Non è però necessario che si tratti di una sentenza di pura condanna in quanto la provvisoria esecutività è propria, di regola, di ogni capo di condanna che siaaccessorio e conseguente ad altro capo della medesima sentenza di natura costitutiva o dichiarativa.

Si afferma così che il capo della sentenza contenente la condanna alle spese è immediatamente esecutivo ex art. 282 c.p.c., senza che rilevi la natura (di accertamento, costitutiva, di condanna) od il contenuto (se di accoglimento, di rigetto o di altro tenore) della decisione principale cui la statuizione sulle spese acceda (Cass. n. 10826/2020; Cass. n. 1283/2010; Cass. n. 16262/2005).

In tema di azione revocatoria si ritiene, altresì, che la condanna alla restituzione delle somme ricevute con atti solutori dichiarati inefficaci ex art. 2901 c.c., essendo dipendente dall'effetto costitutivo proprio della revocatoria, sia immediatamente dotata di provvisoria esecutività sin dalla pronuncia di primo grado, nonostante la sopravvenuta inefficacia della solutio maturi solo con il giudicato (Cass. n. 16737/2011); ulteriori esempi di condanna meramente consequenziale all'effetto costitutivo – e, quindi, anticipatamente esecutiva – sono quelle relative al rilascio dell'immobile in forza della risoluzione giudiziale del contratto di locazione così come alla restituzione di un immobile pronunciata contestualmente alla declaratoria di nullità del relativo contratto traslativo (Cass. n. 27416/2021).

Le Sezioni Unite della Cassazione hanno, tuttavia, configurato una significativa eccezione alla autonoma esecutività provvisoria di ogni capo di condanna nei casi in cui si riscontri un nesso non già di mera dipendenza bensì di sinallagmaticità con altro capo costitutivo di un nuovo rapporto sostanziale. In Cass. Sez. Un. n. 4059/2010 era, infatti, in questione una pronuncia che aveva accolto la domanda costitutiva della compravendita immobiliare ex art. 2932 c.c., con le conseguenti condanne del promissario acquirente al pagamento del prezzo e del promittente venditore al rilascio dell'immobile; al riguardo si è, quindi, affermato che tali condanne non possono ritenersi provvisoriamente esecutive dopo il primo grado, essendo legate da un nesso di corrispettività con il capo relativo al trasferimento della proprietà, il quale realizza l'effetto suo proprio solo alla maturazione del giudicato (in senso conforme, Cass. n. 8693/2016).

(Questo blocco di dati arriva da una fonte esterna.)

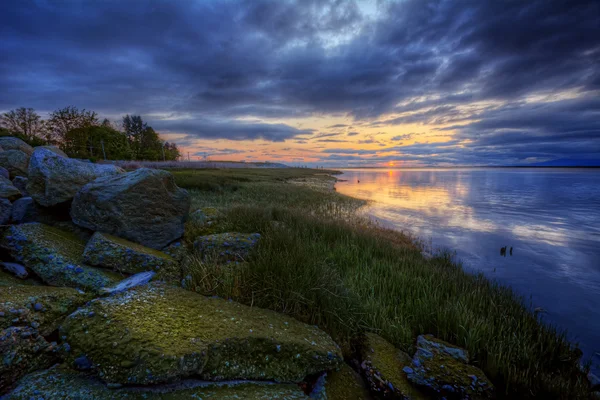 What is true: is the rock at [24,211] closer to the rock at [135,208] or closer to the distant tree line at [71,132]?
the rock at [135,208]

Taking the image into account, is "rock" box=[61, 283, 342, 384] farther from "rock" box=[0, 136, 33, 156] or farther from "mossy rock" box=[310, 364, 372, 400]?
"rock" box=[0, 136, 33, 156]

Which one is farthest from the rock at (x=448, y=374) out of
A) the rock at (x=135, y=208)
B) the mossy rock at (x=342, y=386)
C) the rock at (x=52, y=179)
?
the rock at (x=52, y=179)

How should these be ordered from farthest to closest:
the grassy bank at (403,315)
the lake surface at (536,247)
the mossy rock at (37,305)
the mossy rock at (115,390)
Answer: the lake surface at (536,247), the grassy bank at (403,315), the mossy rock at (37,305), the mossy rock at (115,390)

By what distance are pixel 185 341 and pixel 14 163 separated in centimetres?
1297

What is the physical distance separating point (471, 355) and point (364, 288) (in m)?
1.78

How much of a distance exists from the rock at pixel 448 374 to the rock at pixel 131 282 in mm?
3423

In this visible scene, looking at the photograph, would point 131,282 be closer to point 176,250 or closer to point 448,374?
point 176,250

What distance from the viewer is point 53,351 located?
2.21 meters

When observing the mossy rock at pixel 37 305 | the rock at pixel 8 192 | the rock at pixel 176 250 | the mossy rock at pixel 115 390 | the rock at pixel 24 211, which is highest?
the rock at pixel 8 192

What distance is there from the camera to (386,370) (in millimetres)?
2656

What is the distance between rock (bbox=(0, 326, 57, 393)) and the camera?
6.39 ft

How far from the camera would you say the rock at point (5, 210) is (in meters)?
4.76

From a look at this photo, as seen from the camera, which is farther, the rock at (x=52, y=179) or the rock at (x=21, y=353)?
the rock at (x=52, y=179)

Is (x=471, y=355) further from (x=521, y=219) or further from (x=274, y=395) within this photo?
→ (x=521, y=219) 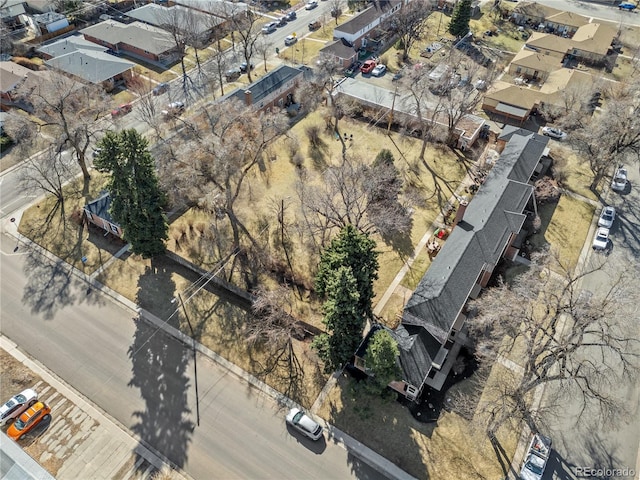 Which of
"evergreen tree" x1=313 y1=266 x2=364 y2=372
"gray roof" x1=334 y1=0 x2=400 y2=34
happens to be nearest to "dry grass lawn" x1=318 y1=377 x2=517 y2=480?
"evergreen tree" x1=313 y1=266 x2=364 y2=372

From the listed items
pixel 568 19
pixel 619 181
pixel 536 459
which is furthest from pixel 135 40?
pixel 536 459

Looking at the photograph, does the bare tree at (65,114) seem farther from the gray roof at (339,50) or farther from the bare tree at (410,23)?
the bare tree at (410,23)

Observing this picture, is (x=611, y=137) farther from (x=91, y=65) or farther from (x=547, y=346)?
(x=91, y=65)

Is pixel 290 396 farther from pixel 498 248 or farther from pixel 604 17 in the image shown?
pixel 604 17

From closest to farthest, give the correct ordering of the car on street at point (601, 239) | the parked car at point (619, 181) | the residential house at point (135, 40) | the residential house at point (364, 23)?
the car on street at point (601, 239) → the parked car at point (619, 181) → the residential house at point (135, 40) → the residential house at point (364, 23)

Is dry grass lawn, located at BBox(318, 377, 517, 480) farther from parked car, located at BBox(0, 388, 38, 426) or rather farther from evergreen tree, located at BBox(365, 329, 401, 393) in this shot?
parked car, located at BBox(0, 388, 38, 426)

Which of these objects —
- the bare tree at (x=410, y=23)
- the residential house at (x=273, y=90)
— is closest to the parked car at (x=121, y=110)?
the residential house at (x=273, y=90)

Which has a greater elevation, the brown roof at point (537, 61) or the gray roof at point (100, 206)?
the brown roof at point (537, 61)

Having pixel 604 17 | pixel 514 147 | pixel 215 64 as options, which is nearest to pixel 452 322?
pixel 514 147
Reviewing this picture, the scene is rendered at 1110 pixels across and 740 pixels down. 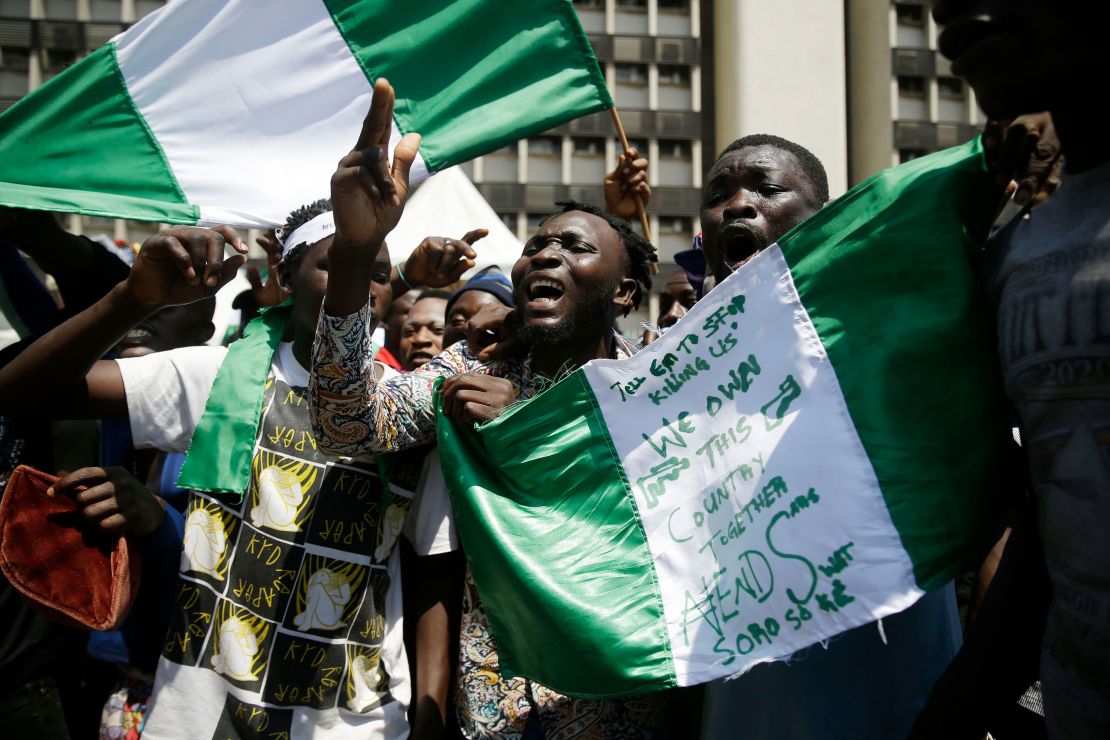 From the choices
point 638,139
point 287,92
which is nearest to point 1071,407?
point 287,92

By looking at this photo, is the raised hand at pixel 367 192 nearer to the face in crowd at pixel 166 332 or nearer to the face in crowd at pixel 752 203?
the face in crowd at pixel 752 203

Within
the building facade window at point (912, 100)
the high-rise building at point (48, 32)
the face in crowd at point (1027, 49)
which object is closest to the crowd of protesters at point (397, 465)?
the face in crowd at point (1027, 49)

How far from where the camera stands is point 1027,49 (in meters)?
1.45

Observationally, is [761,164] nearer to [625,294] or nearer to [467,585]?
[625,294]

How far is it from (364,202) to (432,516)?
3.07 feet

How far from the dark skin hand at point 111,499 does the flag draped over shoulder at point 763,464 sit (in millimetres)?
798

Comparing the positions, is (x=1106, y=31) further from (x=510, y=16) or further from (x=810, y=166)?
(x=510, y=16)

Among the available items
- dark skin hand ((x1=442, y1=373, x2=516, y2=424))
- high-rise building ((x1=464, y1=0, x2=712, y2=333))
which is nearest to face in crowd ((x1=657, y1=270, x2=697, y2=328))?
dark skin hand ((x1=442, y1=373, x2=516, y2=424))

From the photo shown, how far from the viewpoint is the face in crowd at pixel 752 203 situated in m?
2.43

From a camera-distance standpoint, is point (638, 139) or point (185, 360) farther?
point (638, 139)

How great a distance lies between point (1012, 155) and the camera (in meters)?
1.67

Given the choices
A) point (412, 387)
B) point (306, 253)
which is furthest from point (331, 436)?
point (306, 253)

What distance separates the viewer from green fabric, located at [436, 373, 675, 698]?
6.85 feet

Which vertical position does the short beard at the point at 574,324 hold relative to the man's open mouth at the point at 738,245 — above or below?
below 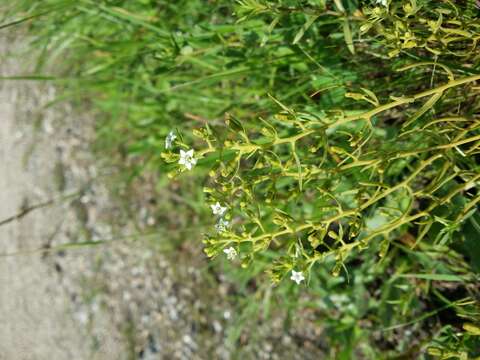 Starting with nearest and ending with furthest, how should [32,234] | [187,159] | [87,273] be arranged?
[187,159]
[87,273]
[32,234]

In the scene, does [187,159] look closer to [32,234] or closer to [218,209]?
[218,209]

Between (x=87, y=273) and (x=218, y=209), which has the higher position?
(x=218, y=209)

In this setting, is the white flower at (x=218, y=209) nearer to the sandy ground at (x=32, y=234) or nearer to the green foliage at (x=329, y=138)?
the green foliage at (x=329, y=138)

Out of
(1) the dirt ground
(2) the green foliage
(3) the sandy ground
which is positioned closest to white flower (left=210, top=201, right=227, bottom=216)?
(2) the green foliage

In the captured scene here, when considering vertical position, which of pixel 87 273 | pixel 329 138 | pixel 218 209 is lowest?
pixel 87 273

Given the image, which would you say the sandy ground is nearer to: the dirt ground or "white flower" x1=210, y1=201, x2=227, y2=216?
the dirt ground

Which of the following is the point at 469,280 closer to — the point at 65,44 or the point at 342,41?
the point at 342,41

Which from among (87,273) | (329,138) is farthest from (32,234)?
(329,138)

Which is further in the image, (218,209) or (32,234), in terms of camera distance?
(32,234) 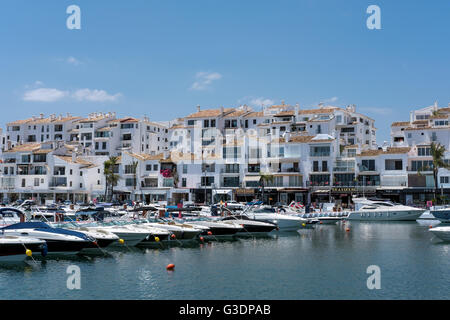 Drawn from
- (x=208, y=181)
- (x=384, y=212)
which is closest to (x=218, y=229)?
(x=384, y=212)

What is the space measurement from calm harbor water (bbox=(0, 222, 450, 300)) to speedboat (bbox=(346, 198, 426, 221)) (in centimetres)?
2573

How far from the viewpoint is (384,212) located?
6694 centimetres

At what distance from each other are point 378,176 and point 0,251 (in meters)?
67.3

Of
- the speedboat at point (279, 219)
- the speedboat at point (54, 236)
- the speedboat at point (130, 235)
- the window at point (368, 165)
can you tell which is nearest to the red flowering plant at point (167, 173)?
the window at point (368, 165)

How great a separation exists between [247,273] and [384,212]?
4411 centimetres

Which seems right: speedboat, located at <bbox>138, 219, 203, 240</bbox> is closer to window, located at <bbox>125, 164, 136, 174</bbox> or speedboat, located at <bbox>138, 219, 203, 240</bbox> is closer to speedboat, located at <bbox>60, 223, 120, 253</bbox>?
speedboat, located at <bbox>60, 223, 120, 253</bbox>

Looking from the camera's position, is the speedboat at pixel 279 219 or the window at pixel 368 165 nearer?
the speedboat at pixel 279 219

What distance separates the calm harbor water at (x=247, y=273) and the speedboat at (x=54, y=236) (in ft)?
2.75

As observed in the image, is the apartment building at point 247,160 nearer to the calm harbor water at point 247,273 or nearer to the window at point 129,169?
the window at point 129,169

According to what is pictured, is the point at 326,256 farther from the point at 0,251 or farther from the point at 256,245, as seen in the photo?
the point at 0,251

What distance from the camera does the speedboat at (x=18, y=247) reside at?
29000mm

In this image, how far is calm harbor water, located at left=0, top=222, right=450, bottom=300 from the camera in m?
23.4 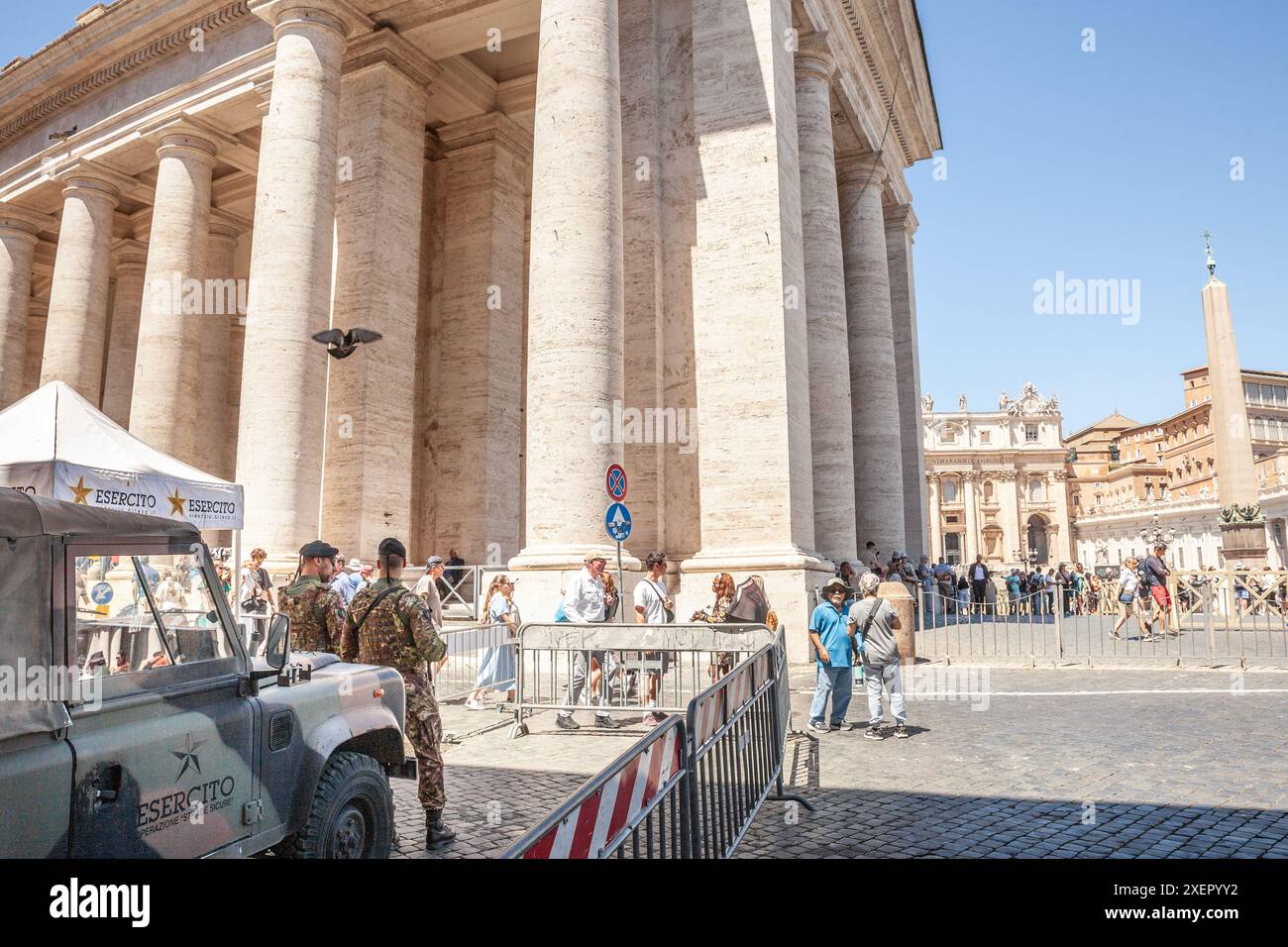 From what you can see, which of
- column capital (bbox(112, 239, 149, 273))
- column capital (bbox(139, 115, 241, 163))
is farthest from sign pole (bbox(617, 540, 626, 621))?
column capital (bbox(112, 239, 149, 273))

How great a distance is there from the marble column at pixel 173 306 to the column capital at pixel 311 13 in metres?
4.77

Analogamente si è escluso che possa ritenersi provvisoriamente esecutivo il capo di condanna al pagamento di un conguaglio, a carico dell'assegnatario, nell'ambito di una sentenza di scioglimento della comunione mediante assegnazione ex art. 720 c.c., venendo in questione una condanna legata da un nesso di corrispettività, ancorché non di stretta sinallagmaticità, con l'assegnazione del relativo bene, destinata a realizzarsi solo al passaggio in giudicato della sentenza (Cass., n. 2537/2019).

Nella pronuncia volta a reintegrare l'erede legittimario nella quota riservata di legittima, a fronte della domanda di riduzione ex art. 553 c.c., si devono distinguere due eventualità : se la reintegra richiede la previa divisione di beni ereditari, con conseguente condanna di uno dei condividenti al pagamento del conguaglio, si configura un rapporto di "corrispettività" tra i due capi della sentenza e, quindi, l'esecuzione di quello di condanna è differito al passaggio in giudicato di quello di scioglimento della comunione; se, invece, la reintegra implica unicamente il versamento da parte del donatario del controvalore della quota, ai sensi dell'art. 560 c.c, integrandosi un rapporto di mera "dipendenza" tra capo costitutivo e capo condannatorio, quest'ultimo è immediatamente eseguibile, ex art. 282 c.p.c., indipendentemente dal passaggio in giudicato del primo (Cass. n. 12872/2021).

Presupposti

La sospensione della provvisoria esecuzione della sentenza di primo grado che il giudice d'appello, ai sensi dell'art. 283 c.p.c. , può disporre in presenza di "gravi e fondati motivi" è rimessa ad una valutazione globale d'opportunità, in ragione della natura latamente cautelare della misura, poichè tali motivi consistono per un verso nella delibazione sommaria della fondatezza dell'impugnazione (c.d. fumus boni iuris) e per altro verso nella valutazione del pregiudizio patrimoniale che il soccombente può subire (anche in relazione alla difficoltà di ottenere eventualmente la restituzione di quanto pagato) dall'esecuzione della sentenza (c.d. periculum in mora): valutazione che può condurre anche a giustificare una inibitoria parziale o limitata a taluni capi della sentenza.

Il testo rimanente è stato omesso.